[DATA UNDER STUDY]
---------------
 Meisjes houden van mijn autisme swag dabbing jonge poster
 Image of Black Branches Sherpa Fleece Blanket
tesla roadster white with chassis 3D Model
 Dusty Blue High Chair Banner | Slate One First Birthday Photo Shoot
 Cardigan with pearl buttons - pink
---------------
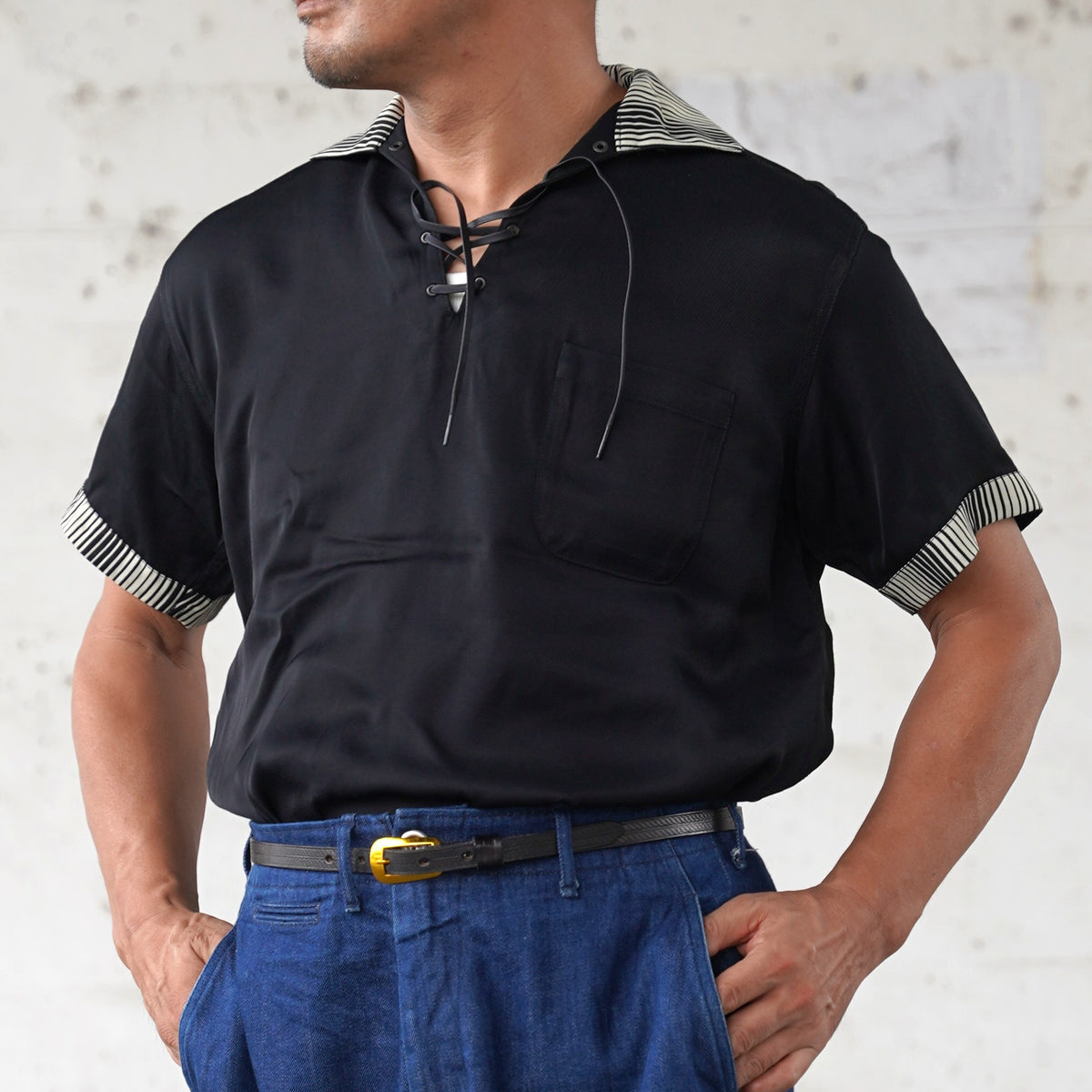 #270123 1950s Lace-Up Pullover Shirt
---------------
[REQUIRED WORK] Only lines containing "with" belong in the answer; copy every such line from the records.

[RESULT FOR THIS TASK]
tesla roadster white with chassis 3D Model
 Cardigan with pearl buttons - pink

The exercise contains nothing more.